Le gouvernement fédéral continue d’affirmer que son achat de l’oléoduc Trans Mountain « générera un rendement positif pour les Canadiens ».

Il promet même d’investir « chaque dollar gagné dans des projets d’énergie propre ».

Disons qu’il faut porter la même teinte de lunettes que celles du gouvernement, c’est-à-dire rose, pour partager cette analyse. Parce que tout indique que le projet conduira au contraire à des pertes massives pour l’État canadien et donc pour l’ensemble des contribuables. Gâchis monumental en vue, du point de vue à la fois financier, politique et environnemental.
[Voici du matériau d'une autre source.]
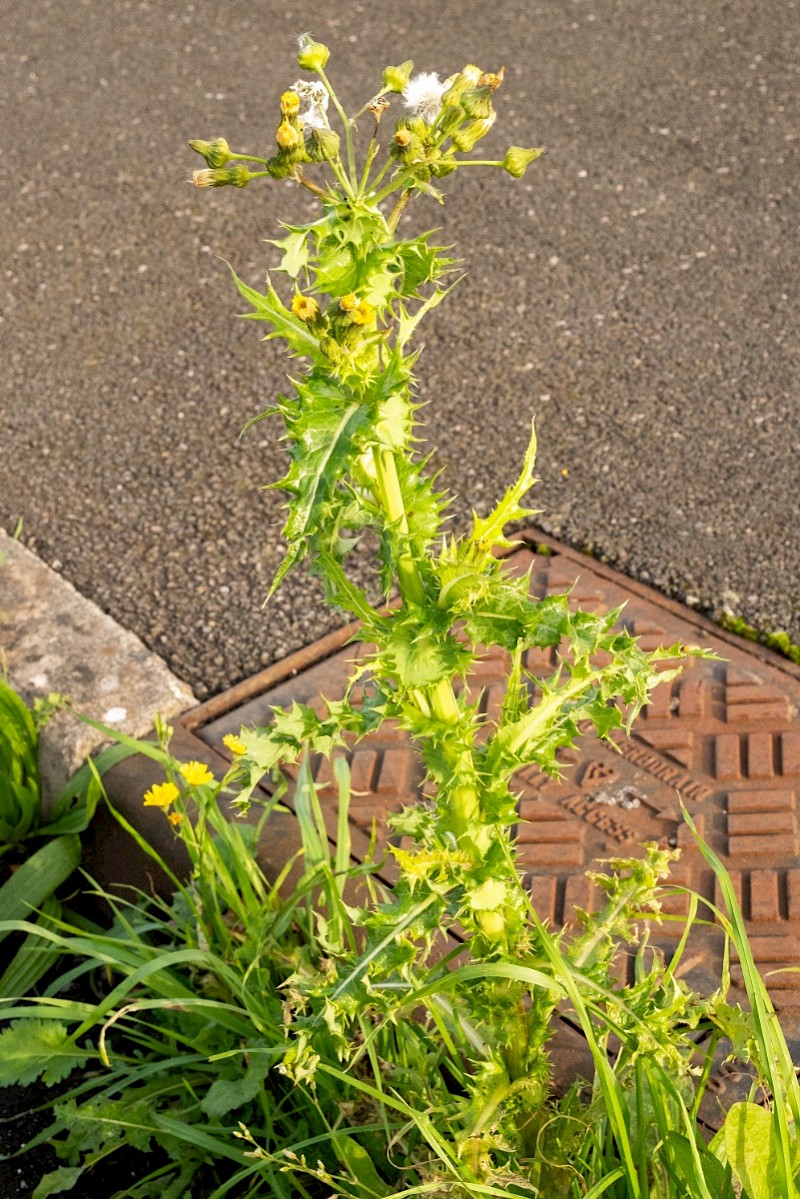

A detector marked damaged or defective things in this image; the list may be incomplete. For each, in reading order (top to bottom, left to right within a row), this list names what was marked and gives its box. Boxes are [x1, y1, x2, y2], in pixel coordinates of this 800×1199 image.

rusty drain cover [189, 536, 800, 1032]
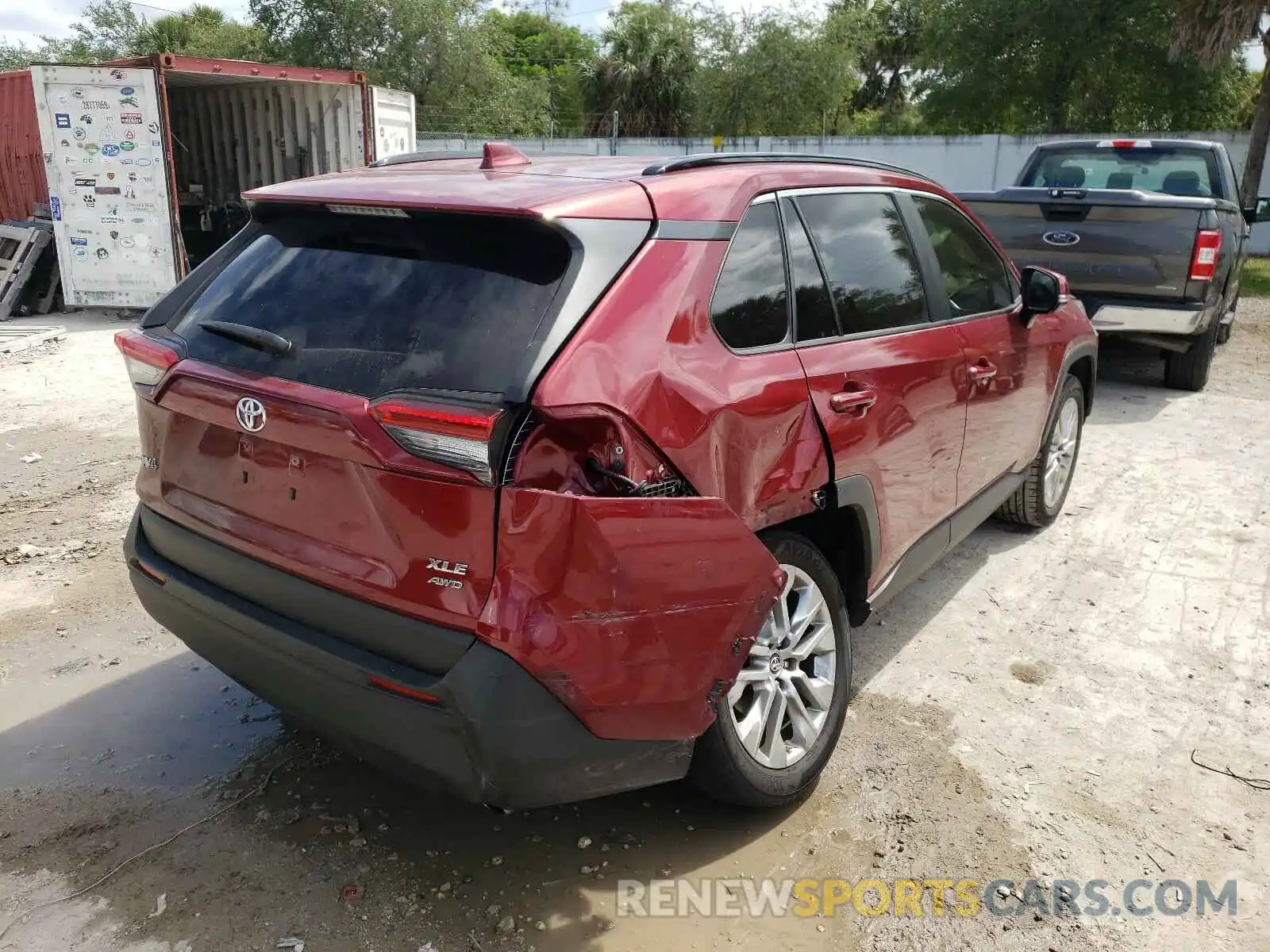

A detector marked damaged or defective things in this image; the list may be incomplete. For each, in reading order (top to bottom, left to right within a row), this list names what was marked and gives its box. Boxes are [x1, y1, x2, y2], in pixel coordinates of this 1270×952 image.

damaged rear quarter panel [477, 492, 777, 746]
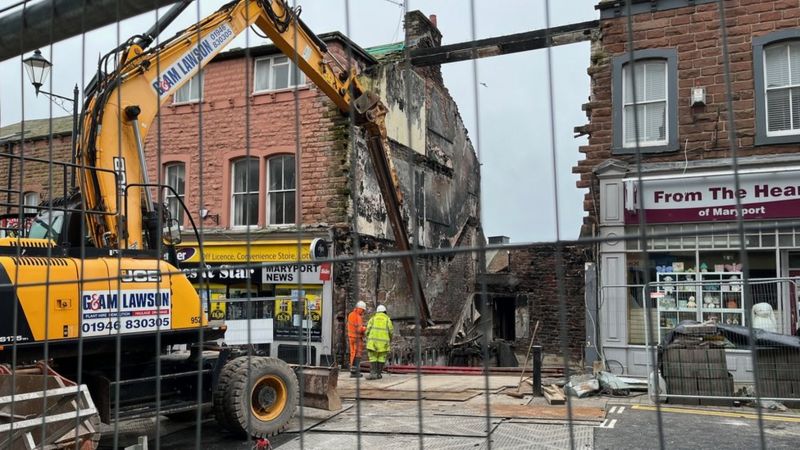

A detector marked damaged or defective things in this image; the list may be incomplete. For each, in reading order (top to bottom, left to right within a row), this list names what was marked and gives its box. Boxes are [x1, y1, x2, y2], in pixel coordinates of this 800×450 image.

broken timber [410, 19, 596, 67]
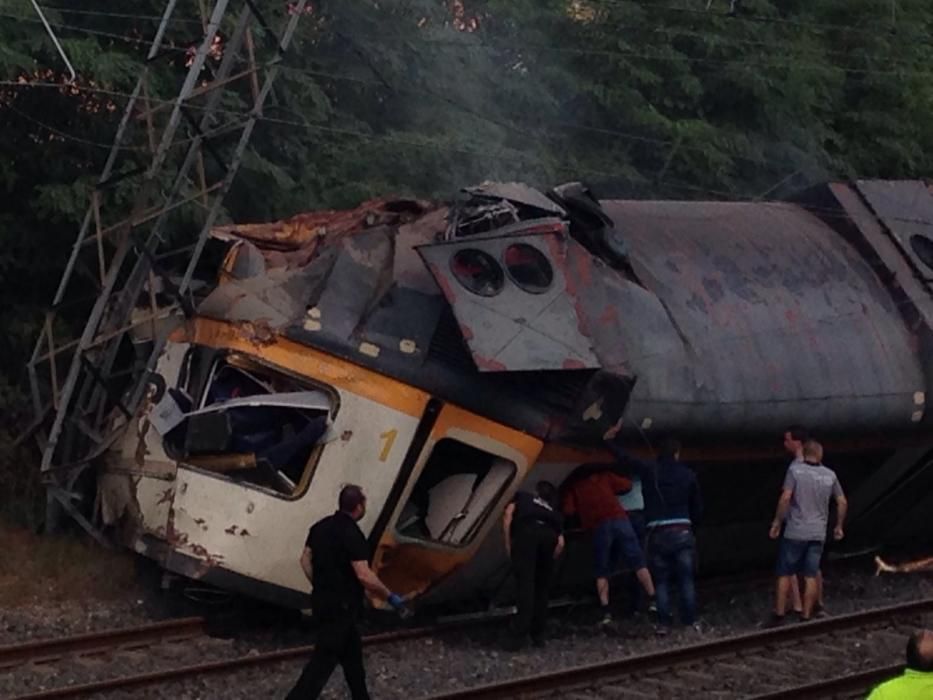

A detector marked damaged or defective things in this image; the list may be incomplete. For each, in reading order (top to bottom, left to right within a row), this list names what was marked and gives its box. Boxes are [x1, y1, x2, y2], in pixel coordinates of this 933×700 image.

damaged train window [450, 249, 502, 296]
damaged train window [502, 243, 552, 292]
damaged train window [159, 356, 334, 498]
damaged train window [396, 438, 516, 548]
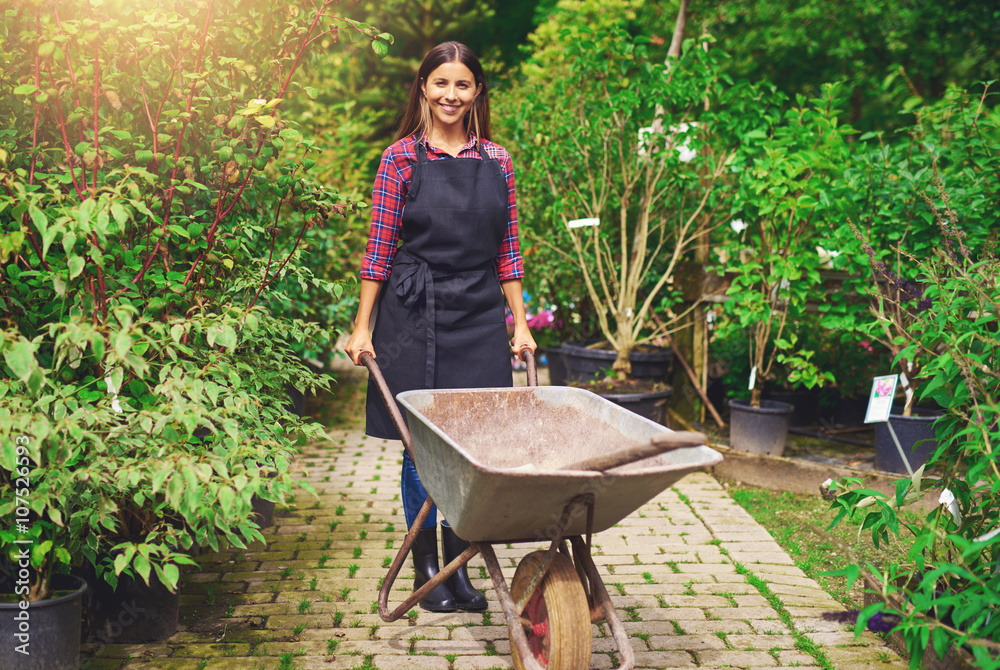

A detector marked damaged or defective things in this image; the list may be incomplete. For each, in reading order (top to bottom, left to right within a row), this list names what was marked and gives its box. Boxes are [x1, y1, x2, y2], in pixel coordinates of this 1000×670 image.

Petit retour en arrière. En 2018, le gouvernement de Justin Trudeau prend la décision, aussi audacieuse que contestée, d’acheter l’oléoduc Trans Mountain pour 4,5 milliards de dollars à la société américaine Kinder Morgan. L’oléoduc achemine du pétrole des environs d’Edmonton, en Alberta, à Burnaby, sur la côte pacifique de la Colombie-Britannique.

À l’époque, Kinder Morgan a commencé à construire un deuxième oléoduc qui suit essentiellement le tracé du premier afin d’en tripler la capacité et d’aider l’Alberta à écouler son pétrole sur les marchés internationaux.
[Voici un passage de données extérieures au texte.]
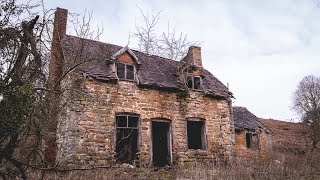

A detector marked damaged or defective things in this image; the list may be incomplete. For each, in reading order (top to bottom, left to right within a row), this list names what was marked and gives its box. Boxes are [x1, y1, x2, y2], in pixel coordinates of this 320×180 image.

broken window [116, 63, 135, 80]
broken window [115, 114, 139, 164]
broken window [186, 119, 206, 150]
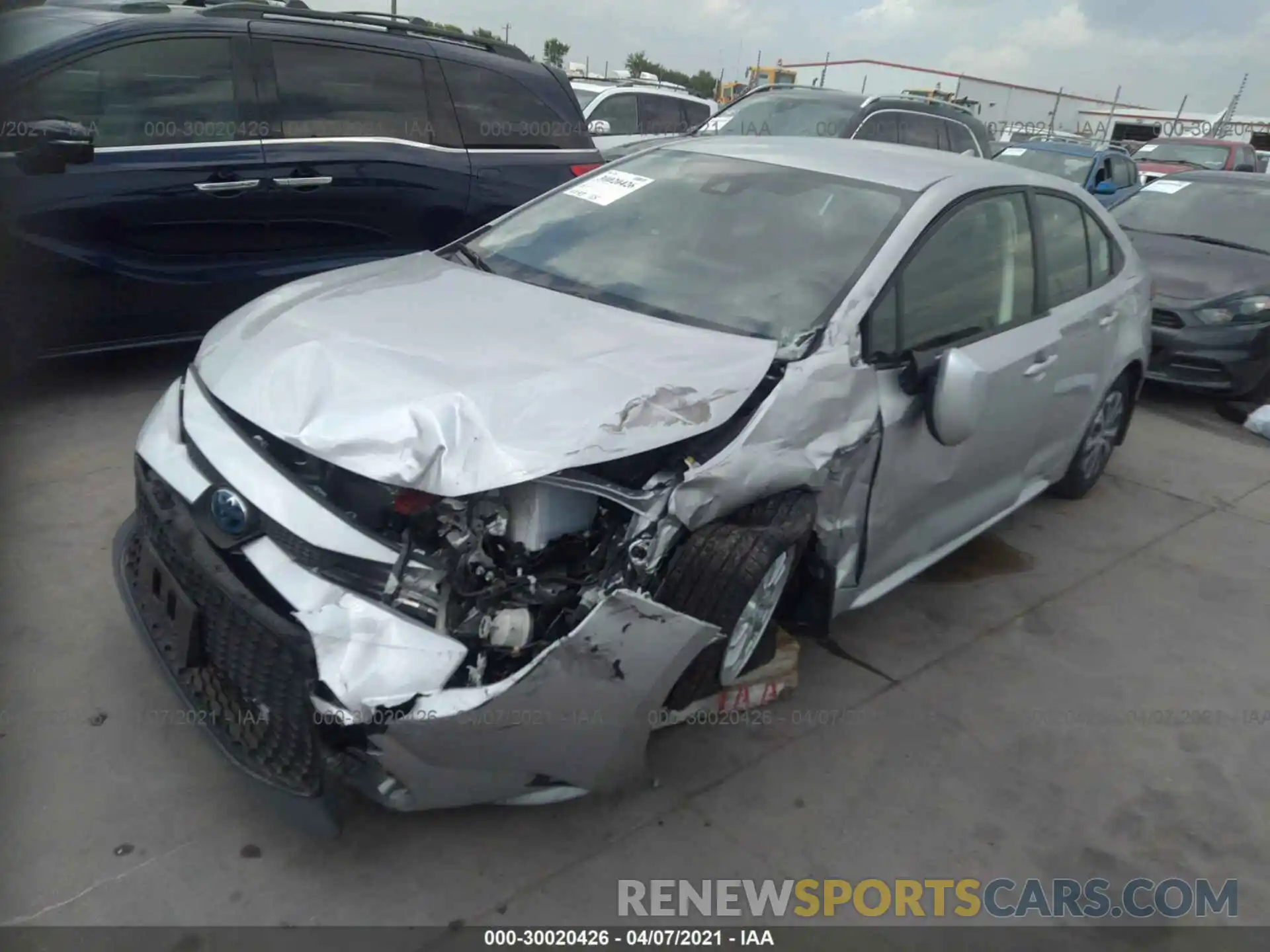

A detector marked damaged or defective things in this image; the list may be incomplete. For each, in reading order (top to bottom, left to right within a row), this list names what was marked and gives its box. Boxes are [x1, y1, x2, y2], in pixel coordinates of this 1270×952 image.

crushed front bumper [114, 452, 721, 832]
crumpled hood [192, 254, 777, 495]
damaged silver car [114, 138, 1158, 832]
crumpled hood [1127, 231, 1270, 305]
Mais la Colombie-Britannique et les groupes environnementaux s’opposent à cette expansion. Le projet s’embourbe et Kinder Morgan s’impatiente (certains analystes croient en fait que l’entreprise avait compris que le projet n’était pas rentable et cherchait à s’en débarrasser de toute façon).

En se portant acquéreur de l’oléoduc, le fédéral dit vouloir s’assurer que les travaux soient menés à terme.

Mais la construction se bute à de nombreux problèmes. Certaines communautés autochtones contestent le projet en cour, des enjeux environnementaux exigent qu’on détourne le tracé, des problèmes de construction émergent en terrain difficile.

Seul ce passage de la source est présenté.